June 9, 2005

To have “rińones” (kidneys) in Venezuela means to have audacity,
gall. I was going to write about the CNE and what they handed over to the
political parties in terms of voter data, but Petkoff in today’s Simon
Bocanegra couldn’t have said it better.

The “kidneys” of Jorge Rodriguez

The CNE decided to hand over to political parties the
electoral registry. It was an act of exquisite cynicism. What the parties
received was a list of 14 million people, without any other data accompanying the
names. Nothing. Not an address, nor location and number of voting booth, nor members
of that voting table. In other words, what was handed out is useless. It not
only violates the Suffrage law (art. 95), that taxatively establishes what the
electoral registry is and the data that should compose it, but at the CNE they
must think we Venezuelans have never voted.

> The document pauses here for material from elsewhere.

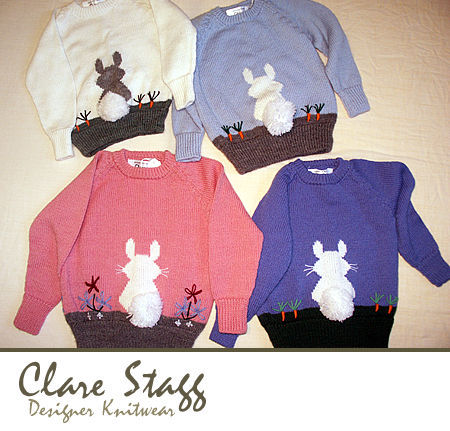 Rabbit jumper with a bobble tail and embroidered carrots or flowers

We have been voting here for half a century and always,
always, the electoral register had the essential data of the voters, the
diffusion of which, moreover, does not damage neither the honor nor the reputation
of anyone. But the most shameful part was the argument used to justify such an
arbitrary act.

There is, according to the CNE, a decision by the Supreme
Court that orders protecting the data of citizens that it can not be handed
over to anyone without the authorization of those affected. Thus, the same CNE
that was itself dauntless in the face of the Tascon list and that even has not
been able to demonstrate that it did not come out of its womb, now is the jealous
guardian of the privacy of the voters. The kidneys of Jorge Rodriguez are such that
they should be preserved at a museum.